There’s something magical about a train trip.
And I don’t mean those touristy rides on old-fashioned narrow-gage tracks or rides that use antique steam engines and depart from locales such Durango or Dollywood. These routes are merely circular fantasies that embark from and return to the same point and whose “passengers” are vacationers.
The main purpose here is to experience a recreation of what once was, a time when trains formed the main transportation that bound together this vast country. Don’t get me wrong, they’re magical too but in a “Disney” sort of way.
No, I mean an authentic railway experience — one on which passengers use the rails to get to and from a specific destination; ordinary people utilizing the train as a means of transportation and not necessarily an avenue for entertainment.
Although certainly enjoyment of train travel is part of the trip.
That’s the secret of travel on the many Amtrak routes that cater to passengers with a yen for experiencing these trains’ unique combination that allows riders the benefit of tremendously relaxed travel while enjoying some of the best scenery this country has to offer.
Indeed, there’s no shortage of specialized Amtrak routes that give passengers spectacular scenery and ease of travel at an affordable cost.
Consider, for example, the Southwest Chef that takes passengers from Chicago to Los Angeles via the picturesque rock-filled countryside surrounding Albuquerque and Flagstaff. Or the Adirondack line that transports riders through Montreal and Saratoga Springs on the way to New York.
These are trains that invite you to slow your normally hectic pace of life while marveling at the scenery passing by the car’s windows. The reduced pace also allows passengers to get to know the wide variety of people sharing the adventure with them.
I’d never taken one of these Amtrak trains before so when I had the chance, I jumped at it. In California for a post-holiday visit with relatives, I had to consider how to return to Portland for a flight home.
My options were to take a $400 flight from a small town in Northern California to Portland, to rent a car for an equally expensive one-way trip to that same city, or to take an approximately $70 train ride that leisurely passed through the stunning snow-capped Cascade Range of mountains.
It didn’t take much thought before I called Amtrak to book a ticket on the Coastal Starlight.
The entire route spans the Western Seaboard from Los Angeles to Seattle. Although much of the southern part of the route skips along the scenic coast, once the train gets to San Francisco, it veers inland through mountainous snow-covered mountains until it reaches its northernmost terminus.

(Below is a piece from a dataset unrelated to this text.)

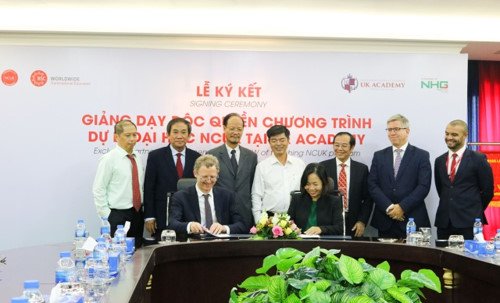 Mở rộng cơ hội tuyển thẳng vào 60 trường đại học danh tiếng cho học sinh UK Academy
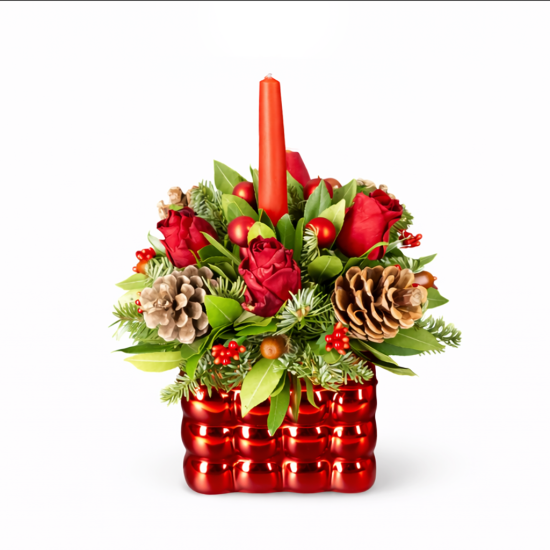 Χριστουγεννιάτικη σύνθεση με κόκκινο κερί και τριαντάφυλλα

I opted to pick up the train at Klamath Falls, Oregon, a city of 21,000 people located just over the California border. It promised to be a nearly continuous seven-hour ride punctuated by only a handful of stops.
By the time the train softly growled into the station, I was well primed to claim my seat. I had already been sitting at the station for a little over two hours as the Coastal Starlight was late, not an unusual occurrence I heard. On that day flash floods in Southern California delayed its trip.
I had purchased a “Business Class” seat for only a few more dollars than coach, made even more affordable by the senior fares that Amtrak offers. It’s a seating designation that allowed – among other things – free Wifi, a voucher for a meal, more comfortable seats and a chance to pick where I’d sit.
However, when I boarded I immediately hustled to the “Great Dome” car, where passengers are seated comfortably at tables. In this car a see-through ceiling covers half the car’s roof and large windows stretch from knee to shoulder level.
Within the first few minutes I’m rewarded for my decision to take the train. I first catch sight of a soaring bald eagle riding the air currents above a nearby lake and then, as the lake recedes and scattered ranches proliferate, a golden eagle floats overhead.
In fact the chance to settle back and stare out the abundant windows instead of concentrating on maneuvering a car is rewarded time and time again.
White-barked birch trees become interspersed with pines as the train gains altitude. Snow blankets the sides of the tracks and tops mountains that loom in the distance. We pass by rock-layered canyons in which giant white ribbons curl along the canyon floor, signifying the existence of snow-covered frozen streams.
It’s hard for me to take my eyes off the lovely scenery passing by although others, some who may have taken the trip numerous times, are engaged in other pursuits.
Two men work studiously on their computers at a table near me, a couple behind me talk softly about the wedding of a friend, people read, people play games. In a neighboring car, a man quietly strums a guitar and others sleep.
All the while the train gently sways and the iron rails grind quietly beneath its wheels. The whistle blows from the engine far in front when we approach crossings.
Soon, a uniformed steward passes through the car to take reservations for lunch and dinner. Those meals are served in an adjacent dining car and, while certainly not luxurious, the time is special by virtue of the fact that you’re seated with fellow passengers at a table, giving strangers a chance to share their train experiences.
I was seated, for example, with a college student from the Netherlands and a retired couple on their honeymoon whose trip had been booked to include a compartment in a sleeper car. We had a wonderful time sharing experiences and memories.
After lunch, the train passed through Eugene and the landscape became flatter, farms more numerous.
I sat quietly in the Business Class car on this last part of the journey, sipping a coffee and gazing at the passing farms, homes and fields. The large padded leather seats, more than ample leg room and silence in this coach made it a perfect spot to relax to the point of slumber.
It had been a trip I would recommend to anyone with the need to travel but not on an iron-clad timeline. As Amtrak trains are susceptible to delays based on weather and other exigencies, it’s best to book these trips with plenty of time to spare at either end.
And even though the steward told us the train would arrive at my destination a bit later than expected because of its initial delay, my mood remained unspoiled. The rail-induced relaxation continued until I disembarked at Portland in the soft twilight.
As I’m now writing this I’m still basking in the magic of the trip.
Although it was my first such trip, it won’t be my last.